O senhor diz que a inflação está cedendo. Mas parece que não é isso o que pensam os diretores do Banco Central que voltaram a elevar a taxa de juros.

Não vou comentar a decisão do Copom (Comitê de Política Monetária), pois a ata da reunião ainda não foi divulgada. Mas acho que há espaço para uma inflexão dentro de uma política que é exitosa. Os avanços são muito consistentes. Acho que é uma grande vitória do País ter tido uma inflação de 7,6% com crescimento de 5,2% no ano passado. Temos de preservar essa trajetória, fazendo a inflexão. Para mim, a discussão fundamental é a questão da meta de inflação.

O Conselho de Desenvolvimento Econômico e Social sugeriu ao presidente Lula que aceite elevar de 3 para 9 os membros do Conselho Monetário Nacional. O senhor concorda?

Acho que nove é muita gente. Tenho um projeto. Defendo que se inclua o ministro do Desenvolvimento, que trata diretamente da política de exportações, e dois representantes da sociedade com notório saber e reputação ilibada.

Com essa mudança, não existe o risco de se politizar as decisões do Conselho?

Não. O governo terá assegurada a sua maioria e permitirá um debate que é absolutamente salutar. As discussões sobre câmbio, taxa de juros, inflação, dizem respeito ao conjunto da área econômica. O ministro do Desenvolvimento, que cuida do comércio exterior, será sempre uma pessoa qualificada para esse tipo de discussão. Ele traz uma agenda que expressa o sentimento da produção e, portanto, precisa ser ouvido. Os representantes da sociedade serão da confiança do presidente da República. O controle do governo será mantido.

Alguns analistas acham que a política econômica do governo aponta para uma crise em 2006, justamente em ano eleitoral. O senhor faz essa leitura?

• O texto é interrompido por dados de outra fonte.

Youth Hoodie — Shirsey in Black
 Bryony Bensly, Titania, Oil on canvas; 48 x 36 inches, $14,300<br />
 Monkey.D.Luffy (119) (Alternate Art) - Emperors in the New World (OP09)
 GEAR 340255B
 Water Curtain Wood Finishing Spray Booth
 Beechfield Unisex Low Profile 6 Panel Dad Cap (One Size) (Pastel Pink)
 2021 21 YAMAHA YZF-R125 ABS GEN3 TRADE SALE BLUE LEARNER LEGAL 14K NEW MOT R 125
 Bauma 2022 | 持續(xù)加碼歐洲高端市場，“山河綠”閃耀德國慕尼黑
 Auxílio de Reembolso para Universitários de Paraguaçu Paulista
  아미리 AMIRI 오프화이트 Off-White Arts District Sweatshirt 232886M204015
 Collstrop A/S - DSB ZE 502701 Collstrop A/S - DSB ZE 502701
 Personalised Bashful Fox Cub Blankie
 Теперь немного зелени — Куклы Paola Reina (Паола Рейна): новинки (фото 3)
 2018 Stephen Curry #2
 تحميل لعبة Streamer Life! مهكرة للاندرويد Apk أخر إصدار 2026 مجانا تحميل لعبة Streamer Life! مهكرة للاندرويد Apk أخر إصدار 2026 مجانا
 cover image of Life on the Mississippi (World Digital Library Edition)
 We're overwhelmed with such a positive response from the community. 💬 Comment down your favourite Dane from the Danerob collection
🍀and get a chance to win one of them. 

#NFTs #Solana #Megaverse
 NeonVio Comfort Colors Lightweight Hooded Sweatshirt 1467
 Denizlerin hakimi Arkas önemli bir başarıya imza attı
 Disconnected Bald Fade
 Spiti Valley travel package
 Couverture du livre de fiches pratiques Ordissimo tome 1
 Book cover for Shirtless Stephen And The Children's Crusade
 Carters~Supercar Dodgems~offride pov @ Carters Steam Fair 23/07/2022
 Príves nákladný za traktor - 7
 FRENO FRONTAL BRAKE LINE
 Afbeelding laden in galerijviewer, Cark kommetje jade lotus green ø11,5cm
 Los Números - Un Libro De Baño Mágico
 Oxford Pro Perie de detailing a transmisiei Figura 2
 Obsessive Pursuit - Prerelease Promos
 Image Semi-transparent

Desde o começo deste governo, alguns críticos dizem que vai ocorrer uma crise econômica. No entanto, os resultados têm sido bastante exitosos. Eu acho que o rumo é este. Um trabalho sério, duro, persistente. Só assim, o Brasil vai conseguir combinar a estabilidade e o crescimento. Agora, eu acho que há espaço para uma inflexão na política econômica, que tem de ser cuidadosa, dentro desse rumo correto imprimido pelo ministro Antonio Palocci (da Fazenda) e sua equipe.